While the Trans Texas Corridor may be dead, the Regional Outer Loop is alive and well.
It still is expected to run north and south between Royse City and Fate, on its way through Rockwall County and the eight other counties ringing the Metroplex. That Rockwall County path also puts it running through 1,237 acres being planned for a water control and improvement district within the ETJ of McLendon-Chisholm.
Never was its ultimate fate tied to the Trans Texas Corridor, a state project. This was explained to the Rockwall County Road Consortium Feb. 4 by the North Central Texas Council of Governments (COG) lead program manager of the Outer Loop, Jeff Neal.
COG has worked for two years with counties and cities to identify the corridor for the Regional Outer Loop/Rail Bypass.
Consensus for one entire corridor for the Outer Loop is expected by the end of September, he said.
That will be followed by a three-to-four-year process of determining the exact location of the Outer Loop, through preparation of a formal Environmental Impact Statement, which must ultimately be approved by the Federal Highway Administration.
Rockwall County commissioners, through agreement of city councils and county commissioners, selected its preferred route of the loop through the county.
The entire Outer Loop corridor to be identified by September 2009 is expected to be one-half to one mile wide, with the facility itself ranging from 450 to 600 feet wide, either within or closely adjacent to the preferred corridor.
The Outer Loop will be a toll road. Public funds will not fund the main lanes. However, public funds may pay for the right of way and select frontage road segments.
Polster and Neal both spoke at the Rockwall County Road Consortium Feb. 4.
COG has developed ways to enable appropriate entities to get right of way and to form public and private partnerships, and has created ability for new lanes to be toll roads.

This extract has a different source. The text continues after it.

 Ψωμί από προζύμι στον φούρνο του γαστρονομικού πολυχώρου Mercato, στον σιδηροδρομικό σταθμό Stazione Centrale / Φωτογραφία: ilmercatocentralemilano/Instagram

“This is already a process we’ve been through,” Neal said. “We will continue that process like we have.”
That approach is now being adopted by the state in Innovative Connectivity Texas Vision 2009, noted the county’s road consultant, John Polster, of ITS. Innovative Connectivity is the replacement for the single project approach of Trans Texas Corridor, according to the TXDoT Web site.
“The Trans-Texas Corridor, as a single project concept, is not the choice of Texans,” was stated in a letter on the Texas Department of Transportation Web site “Keep Texas Moving.” The letter added, “Projects that had been developed under the heading of the Trans-Texas Corridor will now become a series of individual projects.”
However, Neal stressed in an interview after the consortium, that the Outer Loop has already been underway.
Indeed, the Collin County commissioners have “been very aggressive” he said.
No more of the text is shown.